End-of-term exam

Each student will be randomly assigned 2 topics, one about NLP and one about Python.
The main focus will be on the NLP topic, but sufficient knowledge (at least that equivalent to a passing grade) must be demonstrated in both topics to pass the exam.
Students will have at least 15 minutes of preparation time.
The exam grade will count towards 50% of the final grade.

Exam times and location

Date	Time	Location
December 20 (Wed)	08:00	Q.B203
January 3 (Wed)	10:00	Q.B203
January 17 (Wed)	10:00	Q.B203

I. NLP topics

1. Tagging

POS-tags: definition, examples from Universal Tagset (not all tags, but DET, NOUN, ADJ, VERB)
Tagging in general: definitions and terminology (from lecture notebook)
NP-chunking: definition, examples
NER: definition, examples
Naive ways limitations (non-unique POS-tag, capital letters in NER)
Supervised learning, labeled data in general
Sequential data: windows approach, problem with long-distance relationships
Simple POS-tagger: most seen pos tag in a given context of words

2. An HMM POS-tagger

what is POS-tagging
The Viterbi algorithm (k=2,3)
Backtracking

3. Evaluation

labeled corpus
train/test set, seen/unseen data
word accuracy, sentence accuracy
Binary classification metrics (TP/TN/FP/FN table, precision/recall, Fscore)

4. Morphology: theory

Basic concepts: morphemes, tags, analysis and generation
Why do we need morphology: tasks
Phenomena:
- free and bound morphems, affix placement, affix types
- compounding, clitics
- non-concatenative morphology: reduplication, templates, ablaut
- language types
Computational morphology:
- components: lexicon, morphotactics, orthography
- analysis, generation

5. Finite state morphology

Finite state:
- FSA, FST, mathematical description
- Operations on FSTs: inversion, composition, projection
Morphology:
- FSTs as morphological analyzers; analysis / generation, backtracking
- lexc
Related tasks:
- spell checking, lemmatization, tokenization
- how a morphological FST can be used for these tasks

6. Syntax: theory

Basics: definition, grammaticality
Concepts: POS (open&closed), grammatical relations (predicate, arguments, adjuncts), subcategorization (valency, transitivity) , constituency (tests)
Phrase-structure grammars:
- Components: production rules, terminals, nonterminals
- Derivation, the parse tree, Chomsky Normal Form
Chomsky Normal Form and its algorithm
Dependency Grammar:
- Difference from PSG
- The dependency tree

7. Parsing and PCFG

Parsing
- Top-down and bottom-up parsing
- Challenges: nondeterminism and ambiguity (global/local); examples
- Dynamic programming; the CKY algorithm
PCFG
- Motivation and mathematical formulation
- Training and testing: treebanks and PARSEVAL
- Problems and solutions: subcategorization and lexicalization, independence and annotation

8. Classical machine translation

Translation divergences: systematic, idiosynchretic and lexical divergences; examples
The classical model
- Translation steps and approaches; the Vauquois triangle
- Direct translation, transfer, interlingua. Advantages and disadvantages of each
Problems with the classical model

9. Statistical machine translation

Mathematical description of statistical MT:
- the noisy channel model
- language and translation models; fidelity and fluency
Training and decoding (parallel corpora, decoding as search)
Evaluation:
- Manual evaluation (what and how)
- Overview of BLEU (modified precision, brevity penalty, micro average)

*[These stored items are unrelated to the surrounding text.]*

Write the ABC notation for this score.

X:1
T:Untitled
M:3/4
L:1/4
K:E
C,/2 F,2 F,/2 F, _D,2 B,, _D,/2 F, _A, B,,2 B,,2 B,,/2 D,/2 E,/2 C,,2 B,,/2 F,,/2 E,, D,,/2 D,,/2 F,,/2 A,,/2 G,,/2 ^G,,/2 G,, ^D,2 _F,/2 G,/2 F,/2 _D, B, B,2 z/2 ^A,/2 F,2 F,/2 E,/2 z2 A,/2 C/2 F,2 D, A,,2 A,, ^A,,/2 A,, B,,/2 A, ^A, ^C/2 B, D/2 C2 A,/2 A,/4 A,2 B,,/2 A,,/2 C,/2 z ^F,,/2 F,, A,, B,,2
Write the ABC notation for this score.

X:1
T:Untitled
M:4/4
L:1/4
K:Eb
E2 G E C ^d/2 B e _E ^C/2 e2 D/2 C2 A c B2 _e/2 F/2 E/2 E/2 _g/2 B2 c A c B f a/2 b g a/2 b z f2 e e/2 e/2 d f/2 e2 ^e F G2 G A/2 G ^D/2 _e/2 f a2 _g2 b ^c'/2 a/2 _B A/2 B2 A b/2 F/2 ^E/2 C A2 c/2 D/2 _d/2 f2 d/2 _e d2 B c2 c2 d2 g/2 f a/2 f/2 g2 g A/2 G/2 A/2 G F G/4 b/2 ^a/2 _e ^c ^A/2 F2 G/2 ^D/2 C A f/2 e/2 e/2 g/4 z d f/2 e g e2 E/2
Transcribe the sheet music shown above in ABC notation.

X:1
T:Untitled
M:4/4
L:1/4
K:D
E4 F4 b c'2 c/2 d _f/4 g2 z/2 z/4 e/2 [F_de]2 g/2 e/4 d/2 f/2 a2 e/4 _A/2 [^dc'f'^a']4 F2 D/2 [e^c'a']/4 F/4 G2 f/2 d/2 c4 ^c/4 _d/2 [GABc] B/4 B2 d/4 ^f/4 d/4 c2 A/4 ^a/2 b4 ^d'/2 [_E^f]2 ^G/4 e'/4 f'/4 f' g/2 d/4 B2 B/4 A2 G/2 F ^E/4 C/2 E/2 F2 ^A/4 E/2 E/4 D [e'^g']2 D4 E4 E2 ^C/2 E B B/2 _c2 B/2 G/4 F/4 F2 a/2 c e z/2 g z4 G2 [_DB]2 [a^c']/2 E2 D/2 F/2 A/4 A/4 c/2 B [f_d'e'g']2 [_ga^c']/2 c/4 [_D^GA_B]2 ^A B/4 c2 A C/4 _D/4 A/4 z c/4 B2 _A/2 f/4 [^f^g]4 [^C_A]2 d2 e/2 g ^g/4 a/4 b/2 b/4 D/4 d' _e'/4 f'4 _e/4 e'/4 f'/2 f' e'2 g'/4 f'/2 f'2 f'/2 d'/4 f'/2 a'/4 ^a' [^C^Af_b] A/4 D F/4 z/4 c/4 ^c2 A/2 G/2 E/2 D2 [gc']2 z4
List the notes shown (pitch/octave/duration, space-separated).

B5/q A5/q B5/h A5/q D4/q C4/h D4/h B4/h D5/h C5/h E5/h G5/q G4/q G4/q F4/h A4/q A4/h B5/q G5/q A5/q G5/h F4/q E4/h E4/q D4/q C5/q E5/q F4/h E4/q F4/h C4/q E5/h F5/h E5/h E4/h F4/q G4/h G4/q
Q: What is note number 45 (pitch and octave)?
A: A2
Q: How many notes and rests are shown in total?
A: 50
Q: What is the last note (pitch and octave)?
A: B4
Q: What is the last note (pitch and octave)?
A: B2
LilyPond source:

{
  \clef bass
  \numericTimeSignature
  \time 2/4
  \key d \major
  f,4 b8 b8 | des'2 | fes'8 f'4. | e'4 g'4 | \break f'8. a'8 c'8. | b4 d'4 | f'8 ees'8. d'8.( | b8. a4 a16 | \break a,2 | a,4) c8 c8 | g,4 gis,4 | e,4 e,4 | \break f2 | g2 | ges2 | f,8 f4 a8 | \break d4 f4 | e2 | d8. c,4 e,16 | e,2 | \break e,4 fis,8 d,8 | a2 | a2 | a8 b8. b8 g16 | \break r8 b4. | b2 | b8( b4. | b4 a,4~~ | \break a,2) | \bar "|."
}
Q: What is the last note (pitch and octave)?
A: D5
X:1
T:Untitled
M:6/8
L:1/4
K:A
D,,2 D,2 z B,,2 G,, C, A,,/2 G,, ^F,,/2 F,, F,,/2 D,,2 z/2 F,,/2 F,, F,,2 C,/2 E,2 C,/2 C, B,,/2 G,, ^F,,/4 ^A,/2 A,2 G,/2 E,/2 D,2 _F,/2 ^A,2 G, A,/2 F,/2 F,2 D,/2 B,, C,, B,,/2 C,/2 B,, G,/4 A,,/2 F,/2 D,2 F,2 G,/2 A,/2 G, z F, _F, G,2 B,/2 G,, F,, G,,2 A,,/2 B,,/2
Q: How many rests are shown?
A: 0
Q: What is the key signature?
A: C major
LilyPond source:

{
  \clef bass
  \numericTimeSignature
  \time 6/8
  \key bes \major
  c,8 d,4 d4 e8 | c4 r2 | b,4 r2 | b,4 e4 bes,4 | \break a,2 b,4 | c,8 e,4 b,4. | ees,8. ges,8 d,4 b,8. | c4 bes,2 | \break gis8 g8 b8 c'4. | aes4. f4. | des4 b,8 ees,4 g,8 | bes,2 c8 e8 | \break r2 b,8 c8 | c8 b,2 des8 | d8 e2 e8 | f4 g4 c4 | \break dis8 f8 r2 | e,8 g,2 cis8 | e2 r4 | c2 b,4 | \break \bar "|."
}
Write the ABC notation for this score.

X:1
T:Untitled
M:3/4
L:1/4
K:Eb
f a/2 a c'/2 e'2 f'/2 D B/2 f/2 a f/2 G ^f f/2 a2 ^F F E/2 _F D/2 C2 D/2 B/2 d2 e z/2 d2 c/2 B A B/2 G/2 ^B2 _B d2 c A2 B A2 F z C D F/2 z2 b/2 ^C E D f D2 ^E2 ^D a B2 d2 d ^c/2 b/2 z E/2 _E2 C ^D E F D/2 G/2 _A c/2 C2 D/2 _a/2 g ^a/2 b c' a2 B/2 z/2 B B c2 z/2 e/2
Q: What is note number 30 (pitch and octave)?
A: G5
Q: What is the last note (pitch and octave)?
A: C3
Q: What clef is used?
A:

10. Alignment in machine translation

Word alignment; examples and arity
Phrase acquisition for phrase-based MT
IBM Model 1: algorithm and mathematical formulation

11. Word meaning

Representations: distributional and ontology-based approaches, pros and cons for each.
Simple word relationships: synonymy, hipernymy.
Common lexical resources: WordNet, FrameNet.
Measuring word similarity: approaches and issues.

12. Relation Extraction, Sentiment Analysis

Relation extraction
- task definition, versions, examples
- rule-based approach, pros and cons
- supervised learning approach, pros and cons
- semi-supervised methods
Sentiment analysis
- task definition, examples
- supervised learning approach, common features

13. Question answering

task description, existing systems
major approaches and their limitations
The IR-based approach:
- question processing
- query generation
- retrieval
- answer ranking

II. Python topics

1. Introduction

What is Jupyter?
cell types, cell magic
kernel
short history of Python
Python community, PEP, Pythonista

2. Functions and generators

args, kwargs
default arguments
lambda functions
generators, yield statement

3. Type system

static vs. dynamic typing
built-in types (numeric, boolean), operators
mutability

4. Sequence types

list vs. tuple
operators
advanced indexing
extra: time complexity of basic operations (lookup, insert, remove, append etc.)
set operations

5. Strings

character encodings: Unicode vs. UTF-8, encoding, decoding
- extra: Python 2 vs. Python 3 encodings
common string operations
string formatting (at least two solutions)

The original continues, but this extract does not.